→ **DIRECTIONS FOR THIS TASK**:
The records below are to be transcribed exactly, with the pictures removed.

* * * *

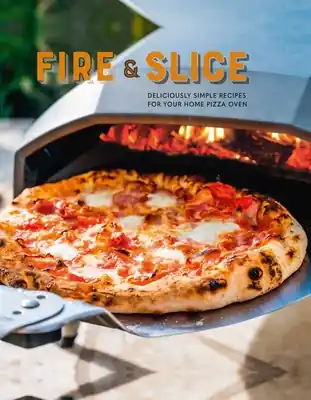 Fire and Slice: Deliciously simple recipes for your home pizza oven (Hardcover) No Minimum Order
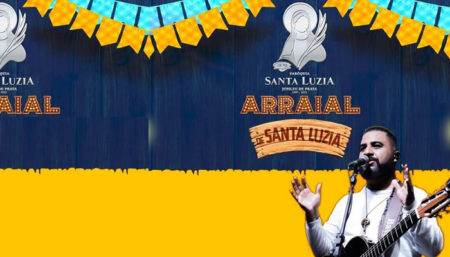 Arraial Santa Luiza acontece em Agosto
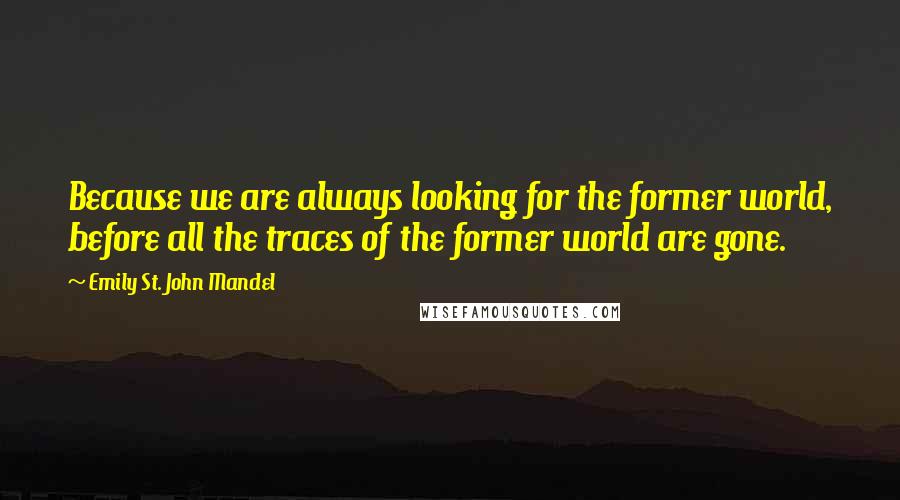 Emily St. John Mandel Quotes: Because we are always looking for the former world, before all the traces of the former world are gone.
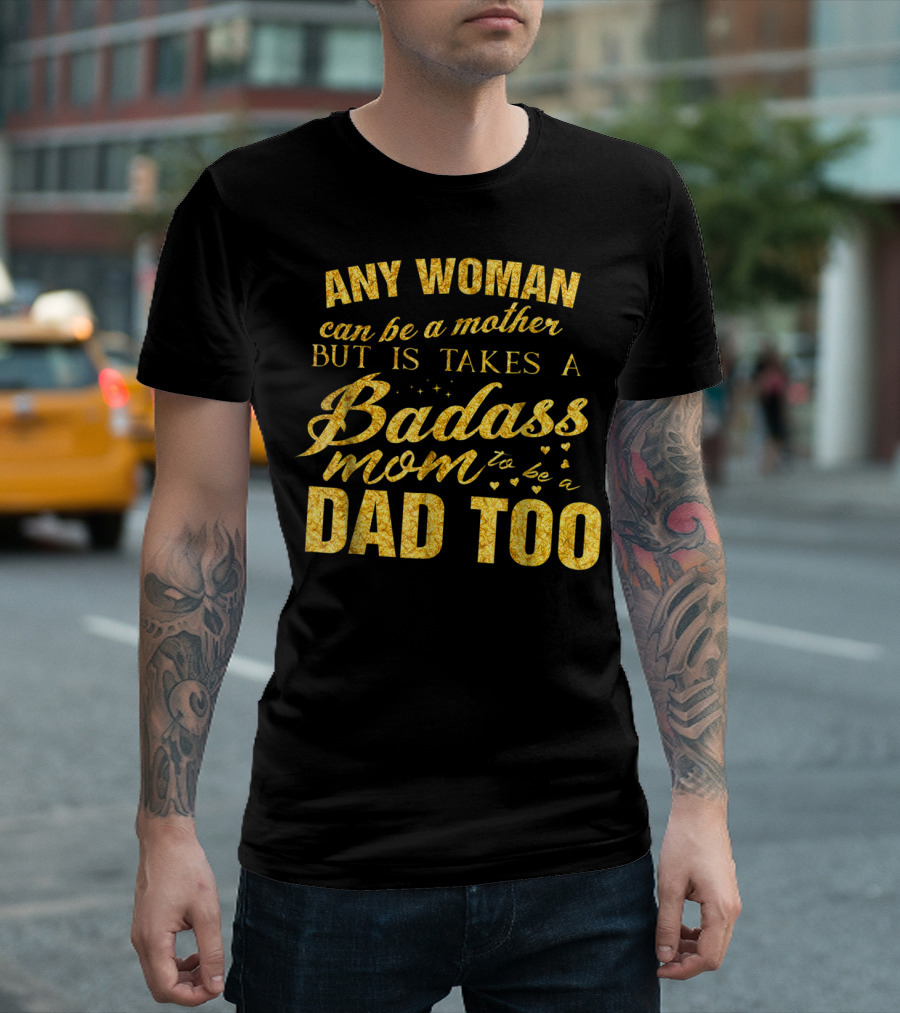 Any Woman Can Be a Mother But It Takes a Badass Mom to Be a Dad Too T-Shirt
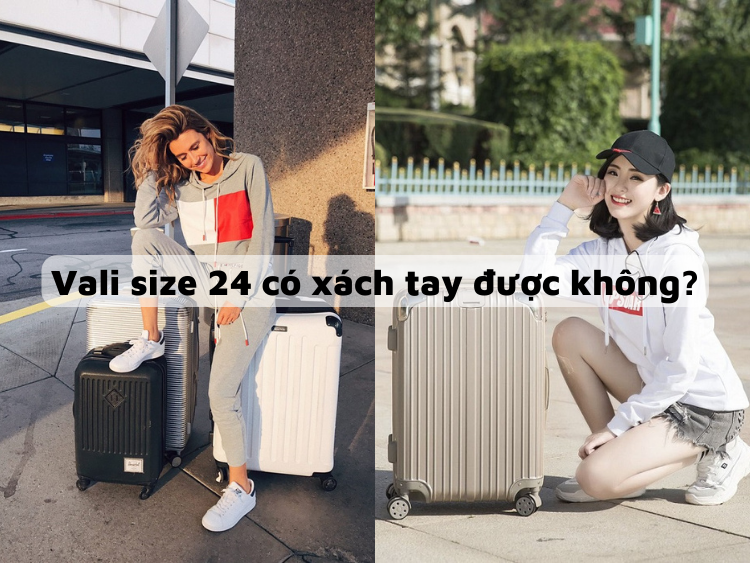 Vali size 24 có xách tay được không? Quy định về hành lý xách tay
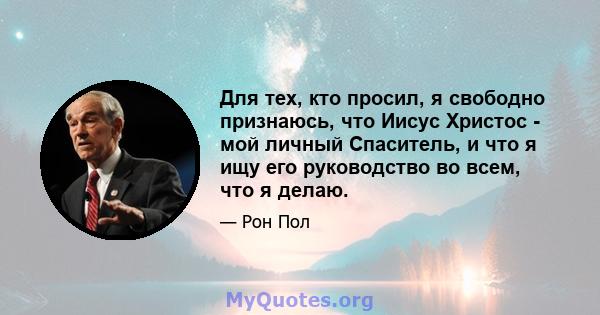 Для тех, кто просил, я свободно признаюсь, что Иисус Христос - мой личный Спаситель, и что я ищу его руководство во всем, что я делаю.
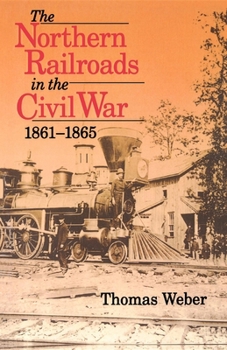 Paperback Northern Railroads in the Civil War, 1861-1865 Book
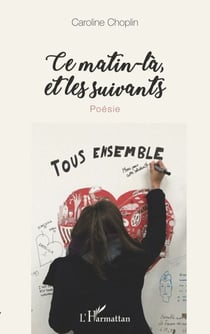 Ce matin-là, et les suivants - Poésie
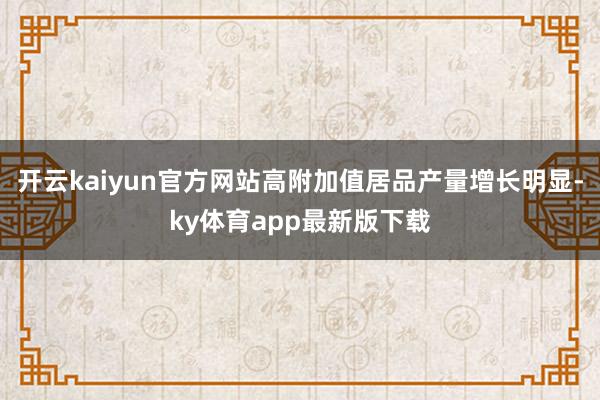 开云kaiyun官方网站高附加值居品产量增长明显-ky体育app最新版下载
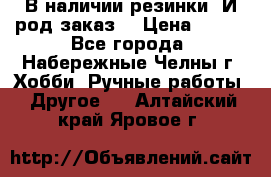 В наличии резинки. И род заказ. › Цена ­ 100 - Все города, Набережные Челны г. Хобби. Ручные работы » Другое   . Алтайский край,Яровое г.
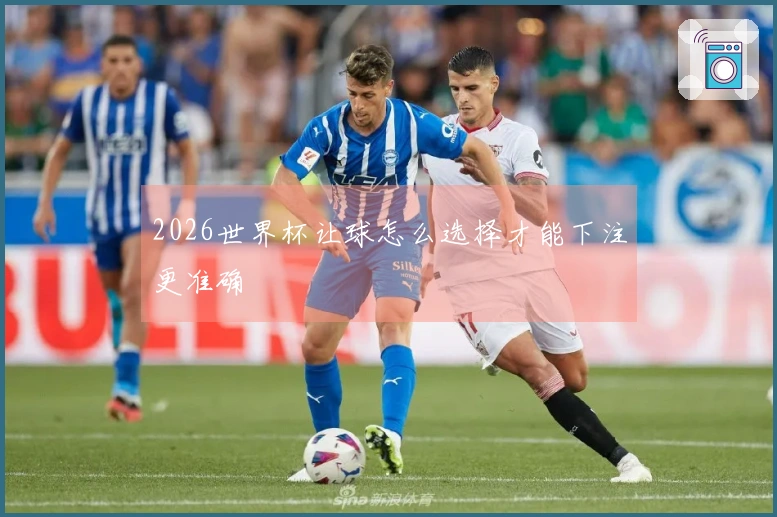 2026世界杯让球怎么选择才能下注更准确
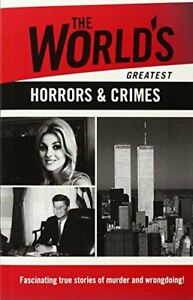 The World's Greatest Horrors & Crimes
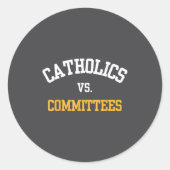 Retro Funny Trendy Quote Catholics Vs Committees  Ronde Sticker (Voorkant)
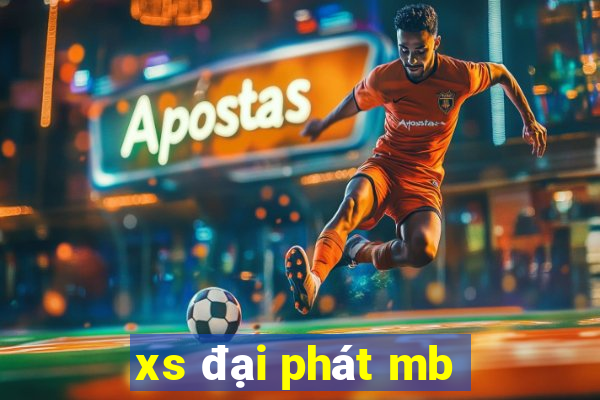 xs đại phát mb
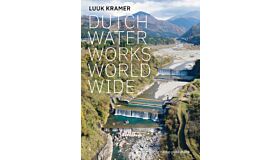 Dutch Waterworks Worldwide (Pre-order June 2024)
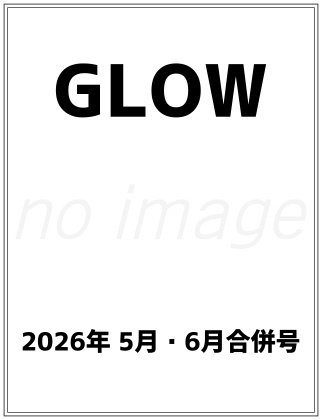 GLOW (グロー) 2026年 5月・6月合併号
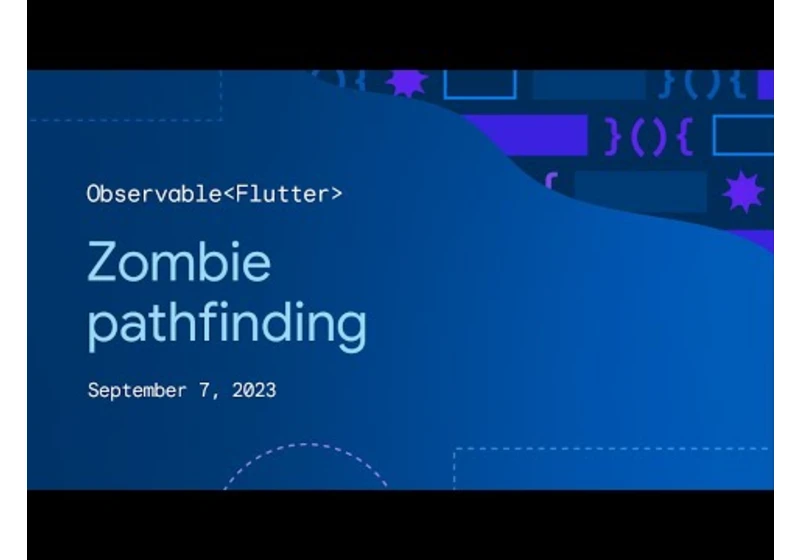 Observable Flutter: Zombie pathfinding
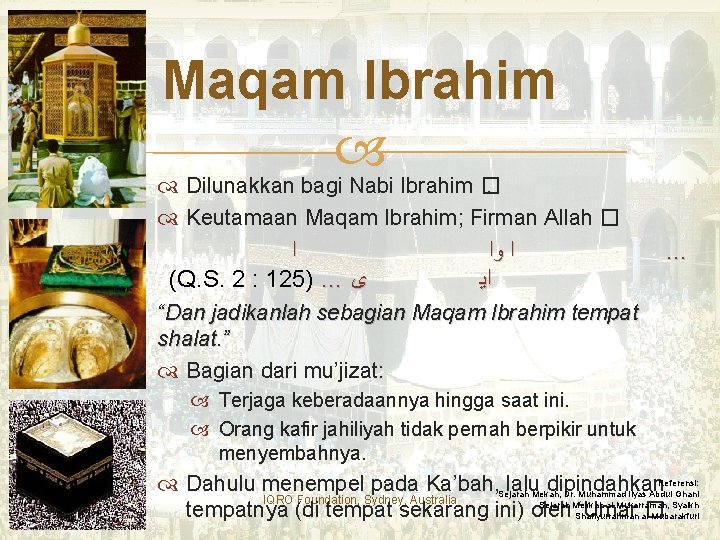 Maqam Ibrahim Dilunakkan bagi Nabi Ibrahim �. Keutamaan Maqam Ibrahim; Firman Allah � ﺍ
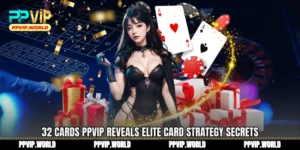 32 Cards PPVIP Reveals Elite Card Strategy Secrets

* * * *

→ **SOLUTION FOR THIS TASK**:
 Fire and Slice: Deliciously simple recipes for your home pizza oven (Hardcover) No Minimum Order
 Arraial Santa Luiza acontece em Agosto
 Emily St. John Mandel Quotes: Because we are always looking for the former world, before all the traces of the former world are gone.
 Any Woman Can Be a Mother But It Takes a Badass Mom to Be a Dad Too T-Shirt
 Vali size 24 có xách tay được không? Quy định về hành lý xách tay
 Для тех, кто просил, я свободно признаюсь, что Иисус Христос - мой личный Спаситель, и что я ищу его руководство во всем, что я делаю.
 Paperback Northern Railroads in the Civil War, 1861-1865 Book
 Ce matin-là, et les suivants - Poésie
 开云kaiyun官方网站高附加值居品产量增长明显-ky体育app最新版下载
 В наличии резинки. И род заказ. › Цена ­ 100 - Все города, Набережные Челны г. Хобби. Ручные работы » Другое   . Алтайский край,Яровое г.
 2026世界杯让球怎么选择才能下注更准确
 The World's Greatest Horrors & Crimes
 Retro Funny Trendy Quote Catholics Vs Committees  Ronde Sticker (Voorkant)
 xs đại phát mb
 Dutch Waterworks Worldwide (Pre-order June 2024)
 GLOW (グロー) 2026年 5月・6月合併号
 Observable Flutter: Zombie pathfinding
 Maqam Ibrahim Dilunakkan bagi Nabi Ibrahim �. Keutamaan Maqam Ibrahim; Firman Allah � ﺍ
 32 Cards PPVIP Reveals Elite Card Strategy Secrets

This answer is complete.